### What is required:
The part to set down runs from the first line of the data below through the line with "We will be using", inclusive; write it exactly and leave out the pictures.

### Material for this task:
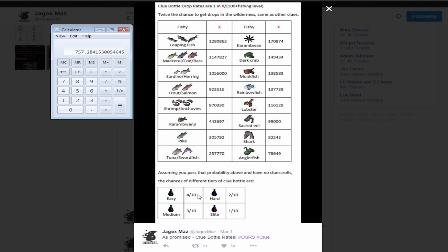The best chance you have obviously is anglerfish, then shark, then sacred eel, lobster. I'm actually surprised lobster and rainbow fish are before monkfish. And dark crab is all the way up there. If you do wear a ring of wealth imbued though while fishing in the wilderness, you have a double chance of getting a clue in a bottle, which is pretty cool.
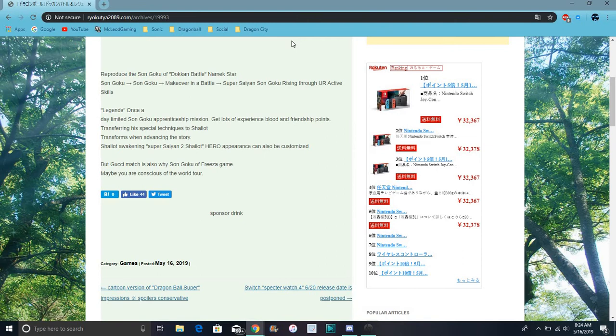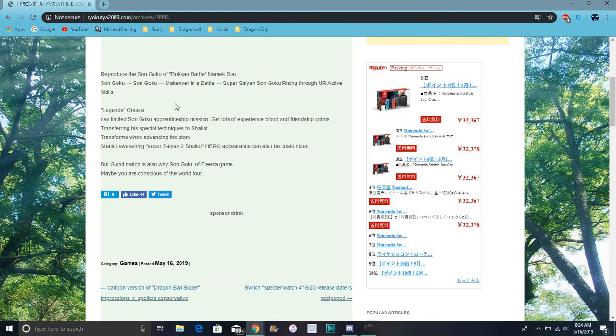For Legends, we're getting the Goku limited right here. There's a special techniques challenge I guess, a new Goku event where you can level up your friendship. I guess if you level Shallot's friendship, maybe you can go Super Saiyan 2.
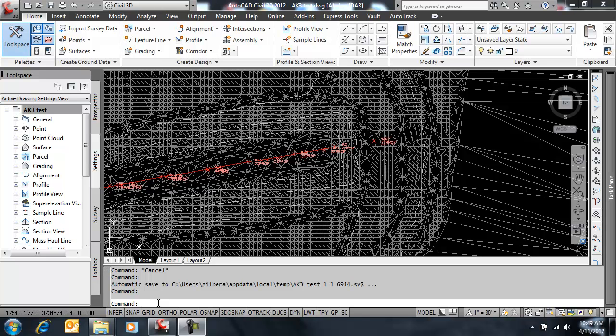Hello, this is Alan Gilbert, Transportation Technical Specialist with Autodesk, and briefly here we're going to take a look at some grid-to-ground transformation issues relative to COGO points in Civil 3D.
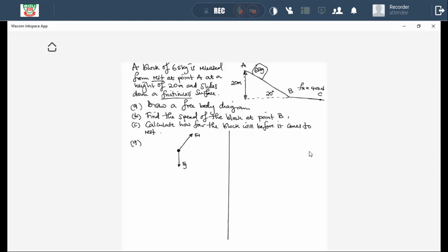Item B: find the speed of the block at point B. Since it's a closed system — because it says frictionless — mechanical energy is conserved. If mechanical energy is conserved, Emec at point A equals Emec at point B. That is correct because it's frictionless, so mechanical energy remains the same.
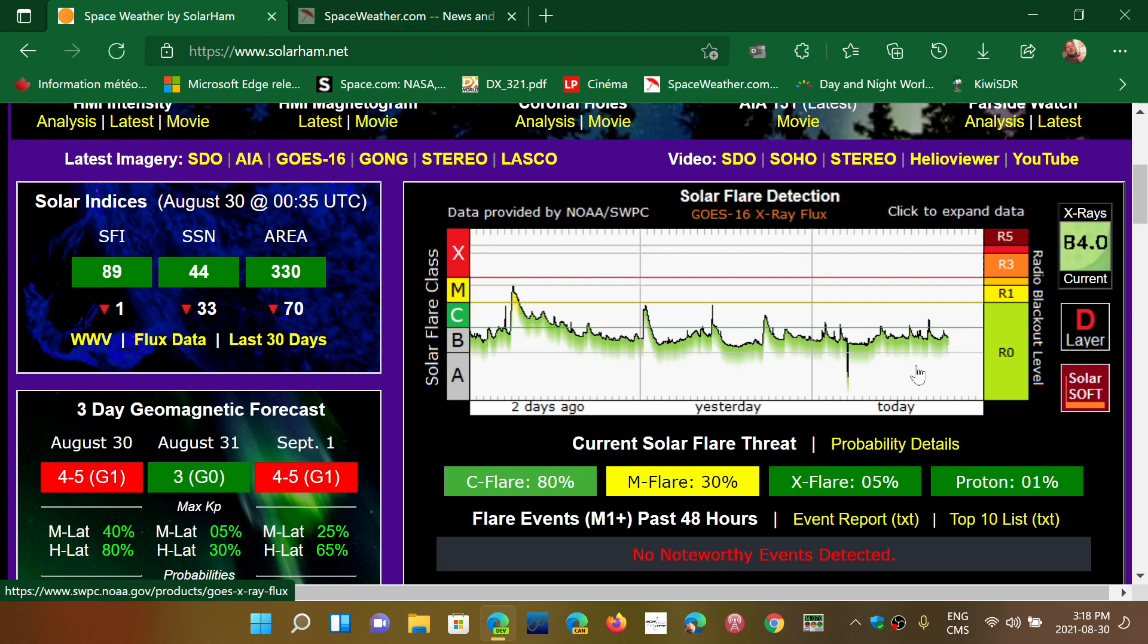This does, in effect, destroy the ionosphere. So absorption will be bigger, or maximum usable frequency will suddenly drop, and that will show when a flare happens.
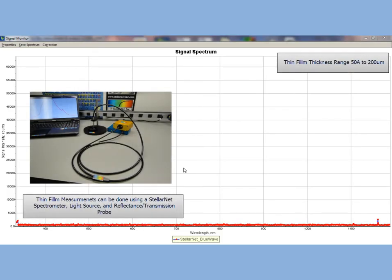We will be using a StellarNet Blue Wave spectrometer, tungsten halogen lamp, and reflectance probe.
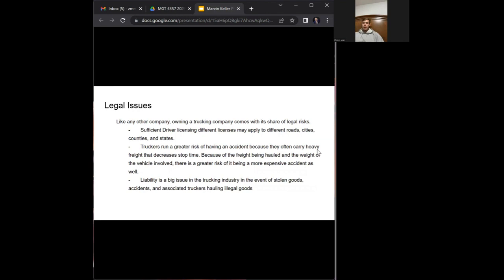Like any other business, owning a trucking company comes with a fair share of legal risks. Sufficient driver licensing is needed with different licenses that may apply to different roads, cities, counties, and states. Truckers run a greater risk of having an accident because they often carry heavy freight that decreases stop time with the brakes. Because of the freight being hauled and the weight of the vehicle involved, there is a greater risk of the accident being more expensive.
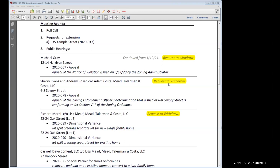Mark Moore: I'll move to grant a six-month extension to 35 Temple Street, a variance extension, application number 2020-017. Stephen DeLisle: I'll second that. Motion made by Mr. Moore, seconded by Mr. DeLisle. I'll call the roll.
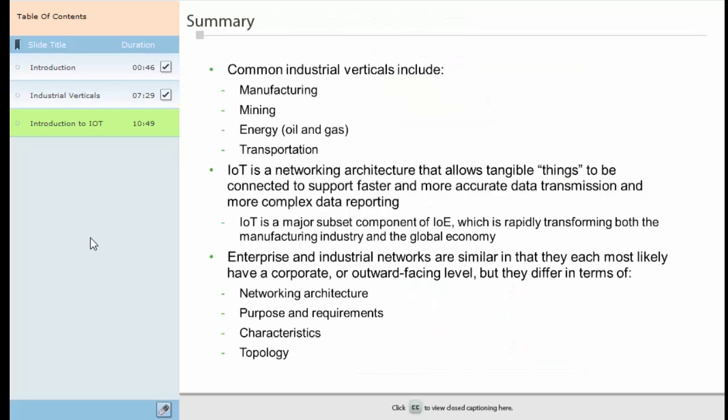Congratulations! You've completed Module 1, Industrial Networking Overview for the Control Systems Fundamentals for Industrial Networking course. In this module, you learned that common industrial verticals include manufacturing, mining, utilities, smart grid and energy, oil and gas, and transportation. IoT is a networking architecture which allows tangible things to be connected to support faster and more accurate data transmission and more complex data reporting. IoT is a major subset component of IoE, which is rapidly transforming both the manufacturing industry and the global economy. Enterprise and industrial networks are similar in that they each most likely have a corporate or outward-facing level, but they differ in terms of networking architecture, purpose and requirements, characteristics, and topology.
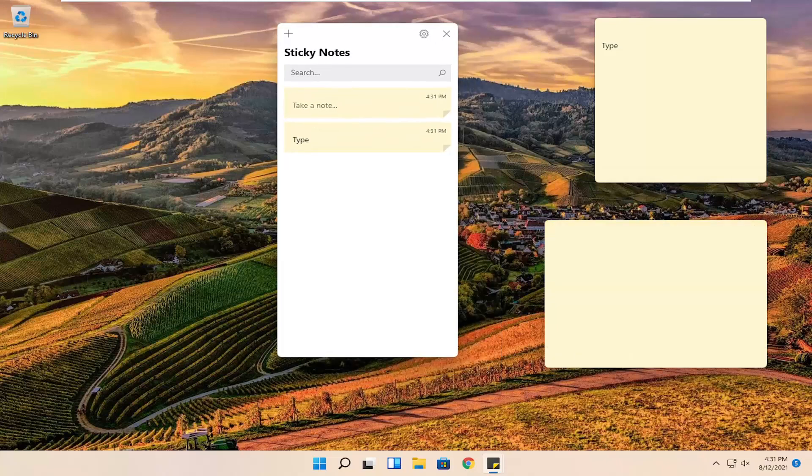And you can see that the sticky note app itself will give a list of all the recently created sticky notes on your computer.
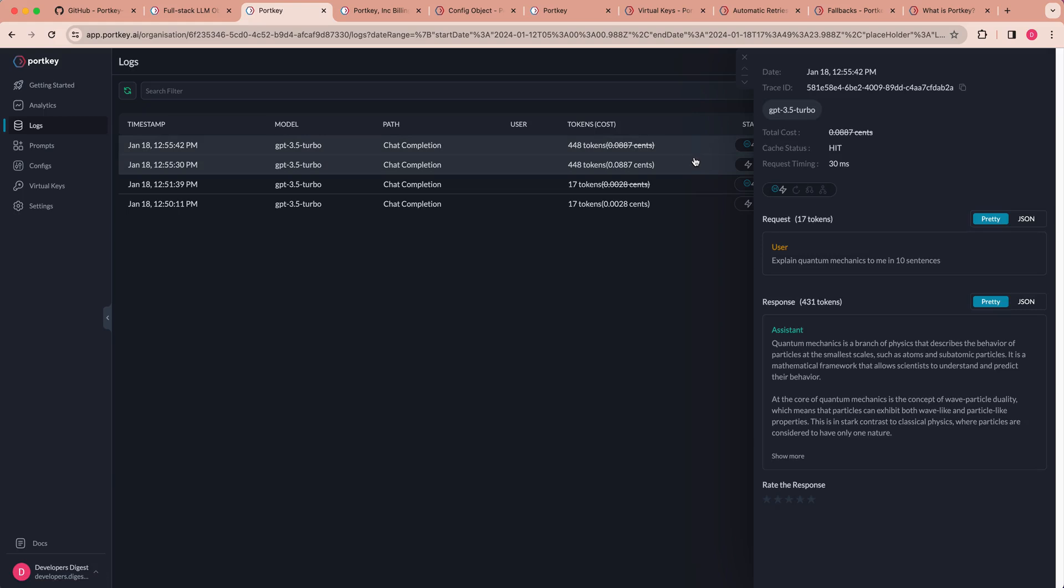So the faster your application, obviously the more enjoyable it's going to be for users to use. And it can potentially save you a ton of money on not having to incur all of those additional LLM costs, especially if it's an application where you don't need variability between the responses that you send back to the user and you're able to send back the same response. This is something that might be particularly useful for your application where you can have more consistent responses, especially for common requests.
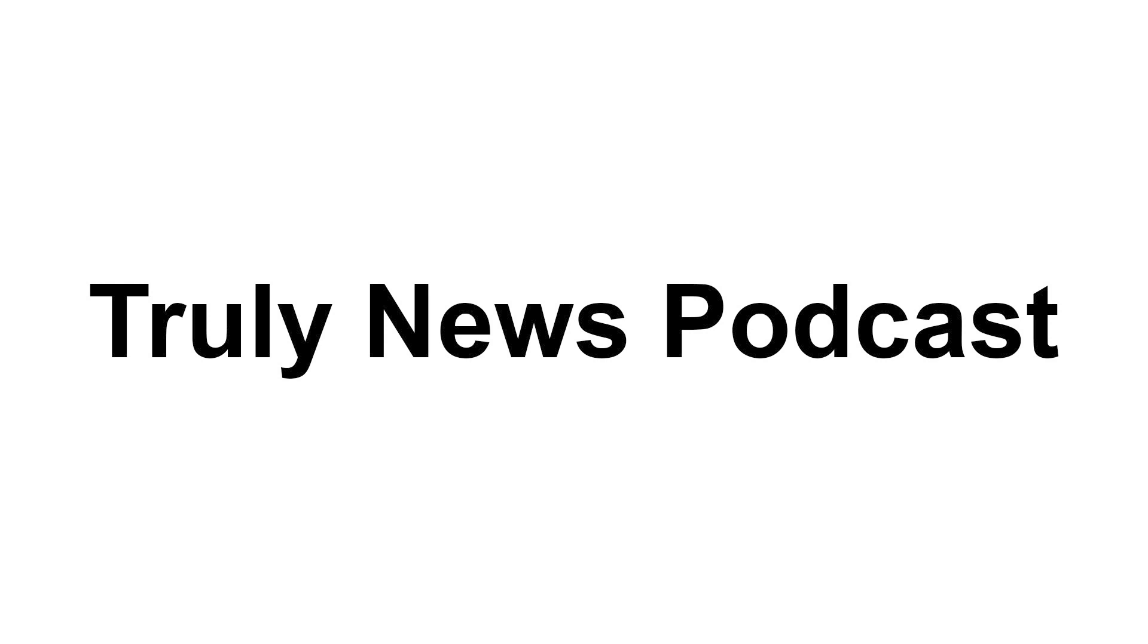Until next time, keep seeking wisdom and believe in your incredible potential. Good luck. Thank you, Dr. Feinstein. We appreciate your words of wisdom and encouragement. And now we return to our review of the day's news.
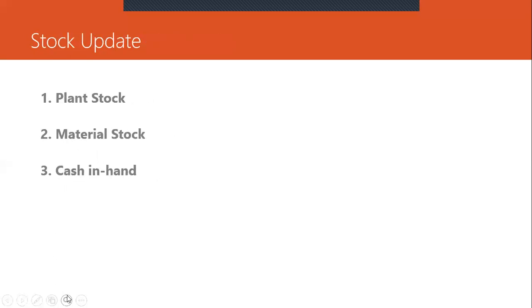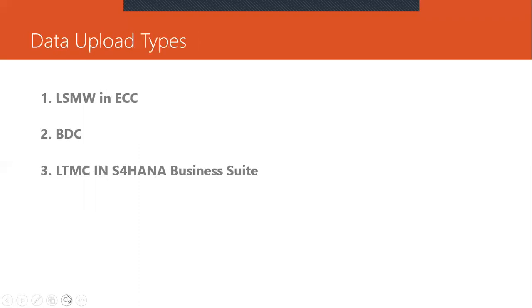So stock updates like plant stock, material stock, cash in hand, petty cash, everything will be updated in the production client. So uploading will be done through LSMW, BDC or LTMC in S4HANA business suite.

### Worked solution:
The best chance you have obviously is anglerfish, then shark, then sacred eel, lobster. I'm actually surprised lobster and rainbow fish are before monkfish. And dark crab is all the way up there. If you do wear a ring of wealth imbued though while fishing in the wilderness, you have a double chance of getting a clue in a bottle, which is pretty cool.
For Legends, we're getting the Goku limited right here. There's a special techniques challenge I guess, a new Goku event where you can level up your friendship. I guess if you level Shallot's friendship, maybe you can go Super Saiyan 2.
Hello, this is Alan Gilbert, Transportation Technical Specialist with Autodesk, and briefly here we're going to take a look at some grid-to-ground transformation issues relative to COGO points in Civil 3D.
Item B: find the speed of the block at point B. Since it's a closed system — because it says frictionless — mechanical energy is conserved. If mechanical energy is conserved, Emec at point A equals Emec at point B. That is correct because it's frictionless, so mechanical energy remains the same.
This does, in effect, destroy the ionosphere. So absorption will be bigger, or maximum usable frequency will suddenly drop, and that will show when a flare happens.
We will be using a StellarNet Blue Wave spectrometer, tungsten halogen lamp, and reflectance probe.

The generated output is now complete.